WORK REQUIRED:
Your task is to find every line of the data that holds the string "development" and copy it.

-------- DATA RECORDS

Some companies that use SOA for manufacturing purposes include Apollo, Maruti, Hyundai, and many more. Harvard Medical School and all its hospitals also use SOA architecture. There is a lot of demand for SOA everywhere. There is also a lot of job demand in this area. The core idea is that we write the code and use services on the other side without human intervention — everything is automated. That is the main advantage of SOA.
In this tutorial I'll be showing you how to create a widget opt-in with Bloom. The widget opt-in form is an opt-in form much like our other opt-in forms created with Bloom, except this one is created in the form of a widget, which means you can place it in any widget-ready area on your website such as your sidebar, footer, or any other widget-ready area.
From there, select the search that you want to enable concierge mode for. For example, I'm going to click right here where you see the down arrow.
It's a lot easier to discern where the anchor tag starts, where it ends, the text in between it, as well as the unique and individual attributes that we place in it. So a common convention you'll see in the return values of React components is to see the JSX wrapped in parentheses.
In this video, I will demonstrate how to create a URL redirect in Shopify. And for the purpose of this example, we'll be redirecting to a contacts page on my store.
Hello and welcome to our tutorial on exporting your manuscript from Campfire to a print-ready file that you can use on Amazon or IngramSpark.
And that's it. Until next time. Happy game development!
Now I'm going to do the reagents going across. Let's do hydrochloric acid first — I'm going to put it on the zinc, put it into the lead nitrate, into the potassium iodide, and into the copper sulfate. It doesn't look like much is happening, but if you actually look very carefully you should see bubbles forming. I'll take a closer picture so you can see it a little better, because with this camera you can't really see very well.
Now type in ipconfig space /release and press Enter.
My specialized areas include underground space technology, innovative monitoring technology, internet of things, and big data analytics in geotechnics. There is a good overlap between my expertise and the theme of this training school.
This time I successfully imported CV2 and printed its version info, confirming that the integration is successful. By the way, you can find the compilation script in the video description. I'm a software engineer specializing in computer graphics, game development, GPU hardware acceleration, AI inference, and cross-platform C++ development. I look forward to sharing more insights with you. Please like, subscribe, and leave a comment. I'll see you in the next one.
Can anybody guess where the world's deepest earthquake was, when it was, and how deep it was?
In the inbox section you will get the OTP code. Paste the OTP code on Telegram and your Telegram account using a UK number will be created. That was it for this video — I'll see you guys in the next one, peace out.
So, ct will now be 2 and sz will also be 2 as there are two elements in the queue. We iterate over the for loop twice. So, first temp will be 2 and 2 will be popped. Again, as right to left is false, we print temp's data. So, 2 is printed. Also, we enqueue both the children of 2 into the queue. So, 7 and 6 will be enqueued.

----------------

RESPONSE:
And that's it. Until next time. Happy game development!
This time I successfully imported CV2 and printed its version info, confirming that the integration is successful. By the way, you can find the compilation script in the video description. I'm a software engineer specializing in computer graphics, game development, GPU hardware acceleration, AI inference, and cross-platform C++ development. I look forward to sharing more insights with you. Please like, subscribe, and leave a comment. I'll see you in the next one.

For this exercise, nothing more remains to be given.